GERMANY - The flight of institutional money away from German open-ended real estate funds (GOEFs) has caused their market share as part of the overall German fund market to drop drastically over the past five years, according to Kommalpha.

As of March 2012, the market share of GOEFs was just over 4%, close to the level in 2006 but considerably below the record of almost 6% in March 2007.

Kommalpha noted in its latest study on the German property market that most of the problems in the GOEF sector were "home-made" and that the "German fund market in total certainly is in a structural crisis".

Nevertheless, the research company pointed out that most analysis differentiated too little between the funds.

In total, the asset volume in GOEFs has increased slightly over the past five years from €78bn to €85bn, with Kommalpha noting that retail customers were sticking with the vehicles.

Institutional investors, on the other hand, have substituted GOEF investments with shares in Spezialfonds or closed-ended funds.
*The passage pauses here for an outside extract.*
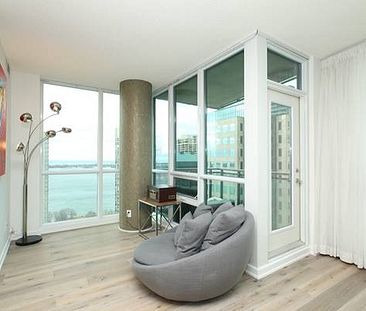 Beautiful 2 Bed, 2 Bath with Balcony and Gorgeous Upscale Decor - Photo 1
Kommalpha stressed that the share of the still open GOEF market was "growing and sees net inflows".

In total, 10 funds will be liquidated over the next five years, with most of the vehicles scheduled to be wound down by 2013-14. A list of the funds can be found in the report.

The research company noted that GOEFs would "continue to play a role" in the German property sector, echoing a statement recently issued by rating company Scope.

In its latest note on the GOEF market, Scope included a ranking of KAGs managing this type of vehicle.

RREEF and Union Investment received the top AAA rating, followed by Deka Immobilien and WestInvest - both AA - and Commerz Real Investment with an A rating.

Scope noted that these companies managed to keep products open throughout the crisis.